Understanding derivation of oblique asymptotes of rational functions

Question

I'm having some issues understanding oblique asymptotes, especially when learning it as a natural progression after learning about horizontal asymptotes.

Consider the rational function which has been "long-divided" into proper form: $y=3+\frac{1}{x+1}$. As $x$ tends to infinity, $\frac{1}{x+1}$ tends to zero, thus $y$ tends to $3$, hence horizontal asymptote is $y=3$. Okay makes sense.

But what if an oblique asymptote exists, for instance when, after long division, $y=3+x+\frac{1}{x+1}$? If I apply the same logic as above, as $x$ tends to infinity, $\frac{1}{x+1}$ tends to zero, and $x$ tends to infinity thus $y$ should tend to $3+\infty$, which is $\infty$ hence oblique asymptote is $y=\infty$. I know it doesn't make sense - but therein lies my confusion. Why do we allow the $x$ in $\frac{1}{x+1}$ to tend towards infinity, but exempt the "other" $x$ (as in $3+x$) from doing so?

Answer 1

Instead of saying, "tends to infinity", say "when $x$ is large." When $x$ is large, $1/(x+1)$ is small. The larger $x$ is, the smaller $1/(x+1)$ is.

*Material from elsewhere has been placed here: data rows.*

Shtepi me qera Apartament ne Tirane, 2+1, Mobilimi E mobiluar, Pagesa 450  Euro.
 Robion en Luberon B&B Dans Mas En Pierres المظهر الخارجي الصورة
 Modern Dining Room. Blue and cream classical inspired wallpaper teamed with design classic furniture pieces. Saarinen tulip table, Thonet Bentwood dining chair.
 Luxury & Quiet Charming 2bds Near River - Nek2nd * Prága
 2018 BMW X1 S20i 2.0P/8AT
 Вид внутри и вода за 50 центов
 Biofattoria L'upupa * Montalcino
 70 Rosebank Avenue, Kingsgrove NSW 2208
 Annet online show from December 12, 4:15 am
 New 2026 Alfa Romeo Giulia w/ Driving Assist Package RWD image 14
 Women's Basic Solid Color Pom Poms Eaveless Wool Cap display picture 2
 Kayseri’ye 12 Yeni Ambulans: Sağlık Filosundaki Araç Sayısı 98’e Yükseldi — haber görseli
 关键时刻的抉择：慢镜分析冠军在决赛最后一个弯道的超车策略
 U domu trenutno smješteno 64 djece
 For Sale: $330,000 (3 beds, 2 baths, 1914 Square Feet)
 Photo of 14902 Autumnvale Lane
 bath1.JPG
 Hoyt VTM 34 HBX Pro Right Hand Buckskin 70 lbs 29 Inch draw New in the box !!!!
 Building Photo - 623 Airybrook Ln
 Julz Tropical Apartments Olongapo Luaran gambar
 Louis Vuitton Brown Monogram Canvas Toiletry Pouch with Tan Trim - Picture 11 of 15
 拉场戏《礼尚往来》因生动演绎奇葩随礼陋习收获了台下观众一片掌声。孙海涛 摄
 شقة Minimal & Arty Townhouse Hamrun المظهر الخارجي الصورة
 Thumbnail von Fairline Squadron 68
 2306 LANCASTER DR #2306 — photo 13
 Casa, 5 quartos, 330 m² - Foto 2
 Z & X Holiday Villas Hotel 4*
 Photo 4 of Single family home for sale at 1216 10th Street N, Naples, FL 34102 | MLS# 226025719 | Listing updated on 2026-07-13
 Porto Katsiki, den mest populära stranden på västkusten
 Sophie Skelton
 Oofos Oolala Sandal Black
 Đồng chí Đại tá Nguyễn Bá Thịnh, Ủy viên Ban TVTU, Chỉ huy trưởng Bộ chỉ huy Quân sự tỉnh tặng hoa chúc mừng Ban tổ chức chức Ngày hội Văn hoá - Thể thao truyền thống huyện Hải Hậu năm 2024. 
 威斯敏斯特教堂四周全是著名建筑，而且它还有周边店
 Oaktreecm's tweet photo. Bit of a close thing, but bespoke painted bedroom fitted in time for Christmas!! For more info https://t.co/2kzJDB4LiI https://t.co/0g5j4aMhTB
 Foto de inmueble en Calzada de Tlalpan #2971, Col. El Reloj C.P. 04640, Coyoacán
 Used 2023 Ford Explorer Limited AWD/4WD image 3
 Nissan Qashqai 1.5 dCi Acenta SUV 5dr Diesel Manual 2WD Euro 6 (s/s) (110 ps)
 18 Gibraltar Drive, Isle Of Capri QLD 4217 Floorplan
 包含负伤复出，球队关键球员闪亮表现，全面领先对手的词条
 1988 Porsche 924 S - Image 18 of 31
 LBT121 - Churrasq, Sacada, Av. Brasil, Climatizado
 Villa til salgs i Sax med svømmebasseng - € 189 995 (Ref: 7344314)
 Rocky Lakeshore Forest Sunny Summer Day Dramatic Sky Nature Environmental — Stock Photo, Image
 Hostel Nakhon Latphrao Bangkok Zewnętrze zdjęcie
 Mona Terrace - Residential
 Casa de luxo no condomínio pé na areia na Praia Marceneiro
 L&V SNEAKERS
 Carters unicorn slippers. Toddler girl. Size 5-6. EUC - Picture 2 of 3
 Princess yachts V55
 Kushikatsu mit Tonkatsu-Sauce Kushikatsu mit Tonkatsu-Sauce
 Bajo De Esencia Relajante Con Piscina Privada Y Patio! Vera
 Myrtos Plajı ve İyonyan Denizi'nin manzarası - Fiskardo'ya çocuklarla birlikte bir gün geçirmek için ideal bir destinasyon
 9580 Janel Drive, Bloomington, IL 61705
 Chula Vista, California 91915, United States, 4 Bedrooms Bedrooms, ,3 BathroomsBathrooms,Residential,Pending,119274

So when $x$ is very large, $y \approx 3+x$.

You don't want to say $y=3+\infty$, because it implies that you somehow got all the way to infinity.

Answer 2

Try thinking of it this way: there are two different functions, $$f(x) = 3+x+\frac{1}{x+1}$$ and $$g(x) = 3 + x$$

The difference between these two functions is $$f(x) - g(x) = \frac{1}{x+1}$$ which, as you have observed, tends towards zero as $x \to \infty$. That means that the gap between the two functions $f(x)$ and $g(x)$ gets smaller and smaller.

You are right, of course, that both $f(x)\to \infty$ and $g(x) \to \infty$. The important thing is that the difference between them shrinks to zero, which is what it means to for $f(x)$ to asymptotically approach $g(x)$.